Ask HN: Turkey has GitHub, dropbox etc. blocked. What is a good VPN to be using? - throwawayx010
obviously doing any kind of work in this country is pretty hard, so which VPN services are decent and secure? any personal experiences? please share, thanks. I haven&#x27;t seen any recommendations in their respective threads.
======
atmosx
I use Torguard which features exit nodes in +80 countries for ~ 60/year. I use
it with openvpn[1].

That said, I'm not sure if it will work in case because I've noticed that some
websites block at least 2/3 of the exit nodes. So I guess that there's an IP
list of shared exit nodes for all if not most VPN providers. Even if it
doesn't exist is really easy to create by creating one account per VPN
provider.

Torguard supposedly doesn't track/keep logs and hides your IP in IPv4/6 when
torrenting.

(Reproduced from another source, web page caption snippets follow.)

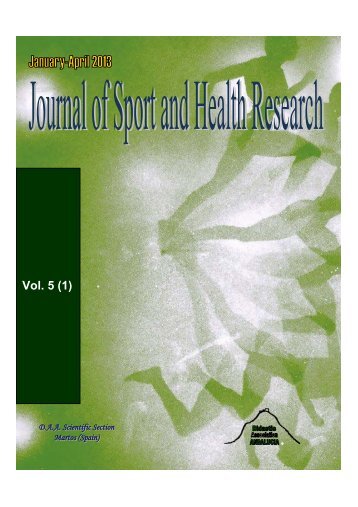 Vol. 5 (1) - Journal of Sport and Health Research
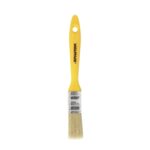 Paletina Profesional Cerda Blanca Ancho 20 mm. Cerdas Naturales Mango Plastico Ergonomico, Brocha Pintor, Pincel Pintura [+6 variaciones de Medida Disponibles]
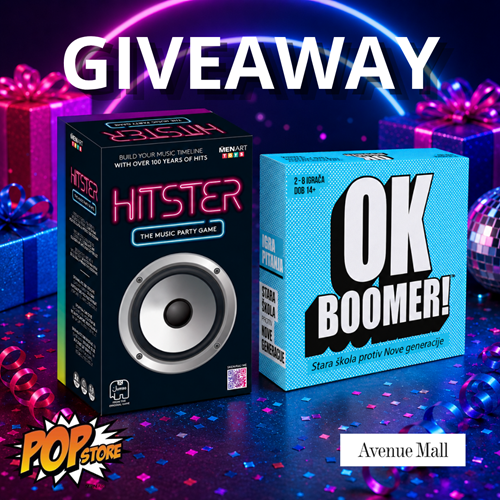 POP Store by Menart GIVEAWAY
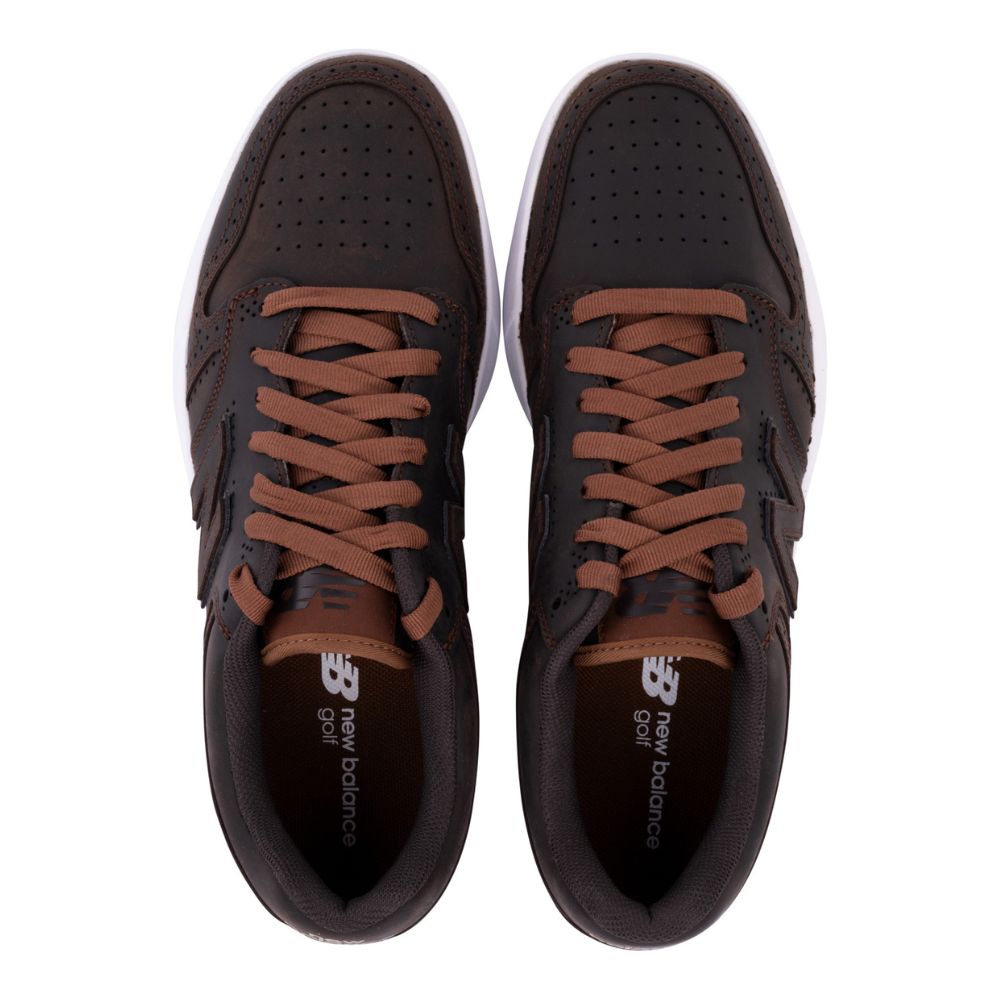 New Balance 480 SL Mens Spikeless Golf Shoes 2025 - Brown Leather - Limited Edition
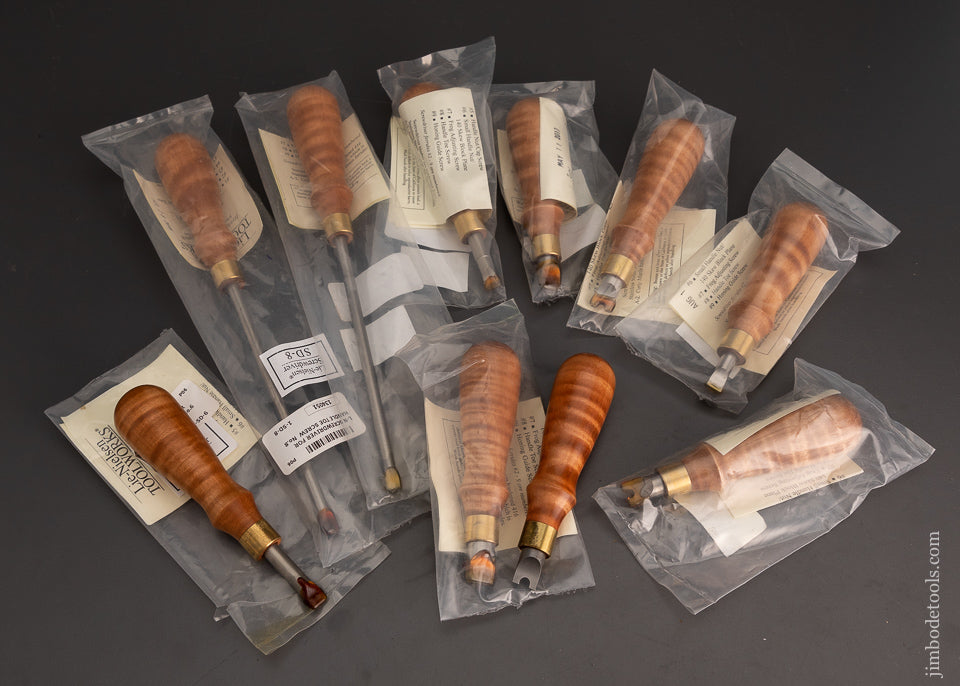 Set of 10 LIE NIELSEN Screwdrivers - 103790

There's a tool to check if you are leaking packets which show your
real IP through torrents.

In your case (Turkey) I'd go for a single VPS instance and setup an OpenVPN
server, it takes 10 minutes to do so... Chances are that the VPS will never
get blocked, I can't say the same for VPN's exit nodes.

[1] [https://www.convalesco.org/articles/2015/06/08/raspberry-
pi-...](https://www.convalesco.org/articles/2015/06/08/raspberry-pi-seedbox-
with-transmission-and-torguard/)

------
mtmail
I used [https://privatepackets.io/](https://privatepackets.io/) to setup my
own server while in Turkey.

The HN search has a couple of recent 'best VPN' discussion threads
[https://hn.algolia.com/?query=best%20vpn&sort=byPopularity&p...](https://hn.algolia.com/?query=best%20vpn&sort=byPopularity&prefix&page=0&dateRange=all&type=story)